LETTER XXXIX--(Continued)

The Universal Language—The Hokkaido (Yezo) Corrals—A “Typhoon Rain”—Difficult Tracks—An Unenviable Ride—Drying Clothes—A Woman’s Remorse.

 

This morning I left early in the kuruma with two kind and delightful savages. The road being much broken by the rains I had to get out frequently, and every time I got in again they put my air-pillow behind me, and covered me up in a blanket; and when we got to a rough river, one made a step of his back by which I mounted their horse, and gave me nooses of rope to hold on by, and the other held my arm to keep me steady, and they would not let me walk up or down any of the hills. What a blessing it is that, amidst the confusion of tongues, the language of kindness and courtesy is universally understood, and that a kindly smile on a savage face is as intelligible as on that of one’s own countryman! They had never drawn a kuruma, and were as pleased as children when I showed them how to balance the shafts. They were not without the capacity to originate ideas, for, when they were tired of the frolic of pulling, they attached the kuruma by ropes to the horse, which one of them rode at a “scramble,” while the other merely ran in the shafts to keep them level. This is an excellent plan.
 

Horobets is a fishing station of antique and decayed aspect, with eighteen Japanese and forty-seven Aino houses. The latter are much larger than at Shiraoi, and their very steep roofs are beautifully constructed. It was a miserable day, with fog concealing the mountains and lying heavily on the sea, but as no one expected rain I sent the kuruma back to Mororan and secured horses. On principle I always go to the corral myself to choose animals, if possible, without sore backs, but the choice is often between one with a mere raw and others which have holes in their backs into which I could put my hand, or altogether uncovered spines. The practice does no immediate good, but by showing the Japanese that foreign opinion condemns these cruelties an amendment may eventually be brought about.
 

At Horobets, among twenty horses, there was not one that I would take,--I should like to have had them all shot. They are cheap and abundant, and are of no account.

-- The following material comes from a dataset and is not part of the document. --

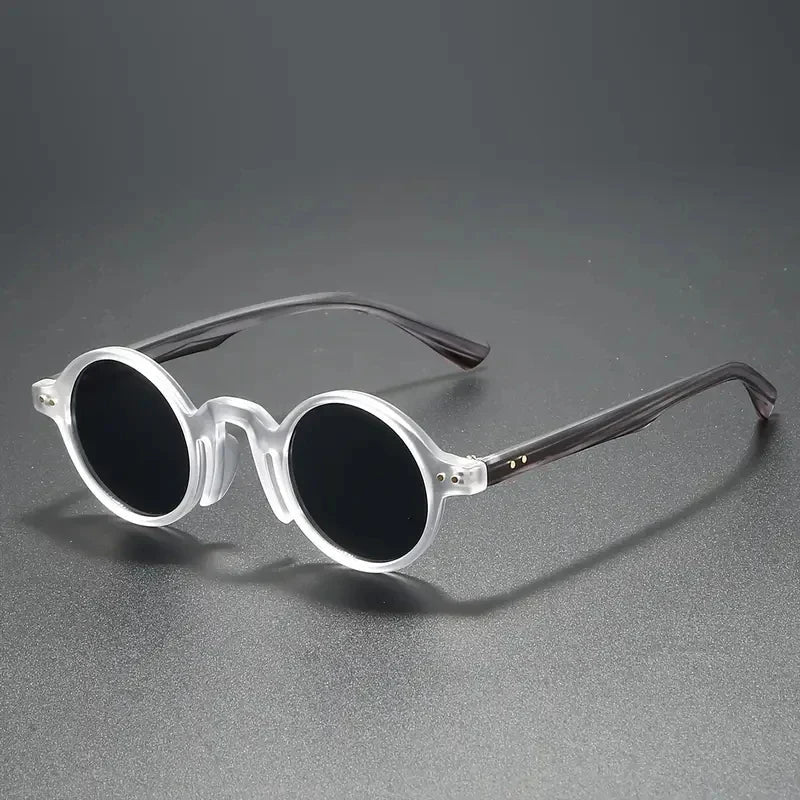 San Francisco Ray Halos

They drove a number more down from the hills, and I chose the largest and finest horse I have seen in Japan, with some spirit and action, but I soon found that he had tender feet. We shortly left the high-road, and in torrents of rain turned off on “unbeaten tracks,” which led us through a very bad swamp and some much swollen and very rough rivers into the mountains, where we followed a worn-out track for eight miles. It was literally “FOUL weather,” dark and still, with a brown mist, and rain falling in sheets. I threw my paper waterproof away as useless, my clothes were of course soaked, and it was with much difficulty that I kept my shomon and paper money from being reduced to pulp. Typhoons are not known so far north as Hokkaido (Yezo), but it was what they call a “typhoon rain” without the typhoon, and in no time it turned the streams into torrents barely fordable, and tore up such of a road as there is, which at its best is a mere water-channel. Torrents, bringing tolerable-sized stones, tore down the track, and when the horses had been struck two or three times by these, it was with difficulty that they could be induced to face the rushing water. Constantly in a pass, the water had gradually cut a track several feet deep between steep banks, and the only possible walking place was a stony gash not wide enough for the two feet of a horse alongside of each other, down which water and stones were rushing from behind, with all manner of trailers matted overhead, and between avoiding being strangled and attempting to keep a tender-footed horse on his legs, the ride was a very severe one. The poor animal fell five times from stepping on stones, and in one of his falls twisted my left wrist badly. I thought of the many people who envied me my tour in Japan, and wondered whether they would envy me that ride!
After this had gone on for four hours, the track, with a sudden dip over a hillside, came down on Old Mororan, a village of thirty Aino and nine Japanese houses, very unpromising-looking, although exquisitely situated on the rim of a lovely cove. The Aino huts were small and poor, with an unusual number of bear skulls on poles, and the village consisted mainly of two long dilapidated buildings, in which a number of men were mending nets. It looked a decaying place, of low, mean lives. But at a “merchant’s” there was one delightful room with two translucent sides—one opening on the village, the other looking to the sea down a short, steep slope, on which is a quaint little garden, with dwarfed fir-trees in pots, a few balsams, and a red cabbage grown with much pride as a “foliage plant.”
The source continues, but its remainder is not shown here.